Details zum Gedicht „Gebet in die Morgenröte“

Anzahl Strophen
1
Anzahl Verse
12
Anzahl Wörter
58
Entstehungsjahr
1844 - 1900
Epoche
Realismus,
Naturalismus,
Moderne

Gedicht-Analyse

Das Gedicht „Gebet in die Morgenröte“ wurde von Friedrich Nietzsche geschrieben. Nietzsche, der von 1844 bis 1900 lebte, gehört zur Epoche des Existentialismus, der das menschliche Dasein, die Freiheit und die Subjektivität in den Vordergrund stellt.

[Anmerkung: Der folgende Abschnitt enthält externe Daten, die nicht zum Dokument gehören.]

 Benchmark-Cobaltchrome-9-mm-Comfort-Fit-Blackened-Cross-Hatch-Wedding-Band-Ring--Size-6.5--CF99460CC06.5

Dementsprechend ist eine zeitliche Einordnung dieses Gedichts in die zweite Hälfte des 19. Jahrhunderts vorzunehmen.

Beim ersten Durchlesen erzeugt das Gedicht einen starken Eindruck von Selbstzweifel und Verzweiflung, es scheint um eine innere Zerrissenheit zu gehen. Nietzsche gibt hier tiefe Einblicke in sein persönliches Empfinden, welches geprägt ist von der Suche nach Selbstverständnis und Selbstakzeptanz.

Inhaltlich drückt das lyrische Ich eine tiefe Sehnsucht nach Selbstglauben aus. Es richtet sich an die „Himmlischen“, womit möglicherweise eine höhere Macht oder das Schicksal gemeint ist, und bittet sie um Wahnsinn, um endlich an sich selbst glauben zu können. Es ersucht nicht nur um Wahnsinn, sondern auch um „Delirien und Zuckungen, plötzliche Lichter und Finsternisse“, also um extreme, alles durchdringende Erfahrungen, um sein eigenes Dasein zu begreifen und anzuerkennen.

In Bezug auf Form und Sprache ist das Gedicht stark emotional und metaphorisch geschrieben. Die Zwölfzeiler-Strophe unterstreicht die Intensität der Gefühle und Gedanken des lyrischen Ichs. Die Wahl der Sprache und die Wiederholung des Wortes „Wahnsinn“ unterstreicht die verzweifelte Suche nach Selbstverständnis und Selbstglauben. Die Verwendung von intensiven und teilweise auch negativ behafteten Begriffen wie „Frost und Glut“, „Getöse und umgebenden Gestalten“ verdeutlicht die Bereitschaft des lyrischen Ichs, für die ersehnte Selbstakzeptanz auch Leid und Schmerz in Kauf zu nehmen.

Das Gedicht ist ein Ausdruck der inneren Konflikte und der tiefen Sehnsucht Nietzsches nach Selbstverständnis und Selbstakzeptanz. Es illustriert eindringlich den existenziellen Kampf des individuellen Daseins, das sich mit den Unwägbarkeiten des Lebens auseinandersetzt.

Weitere Informationen

Der Autor des Gedichtes „Gebet in die Morgenröte“ ist Friedrich Nietzsche. Nietzsche wurde im Jahr 1844 in Röcken (Heute Ortsteil von Lützen, Sachsen-Anhalt) geboren. Zwischen den Jahren 1860 und 1900 ist das Gedicht entstanden. Aufgrund der Entstehungszeit des Gedichtes bzw. der Lebensdaten des Autors kann der Text den Epochen Realismus, Naturalismus oder Moderne zugeordnet werden. Die Angaben zur Epoche prüfe bitte vor Verwendung auf Richtigkeit. Die Zuordnung der Epochen ist ausschließlich auf zeitlicher Ebene geschehen. Da sich die Literaturepochen zeitlich teilweise überschneiden, ist eine reine zeitliche Zuordnung fehleranfällig. Das Gedicht besteht aus 12 Versen mit nur einer Strophe und umfasst dabei 58 Worte. Friedrich Nietzsche ist auch der Autor für Gedichte wie „Der Einsamste“, „Vereinsamt“ und „Venedig“. Zum Autor des Gedichtes „Gebet in die Morgenröte“ liegen auf unserem Portal abi-pur.de weitere 25 Gedichte vor.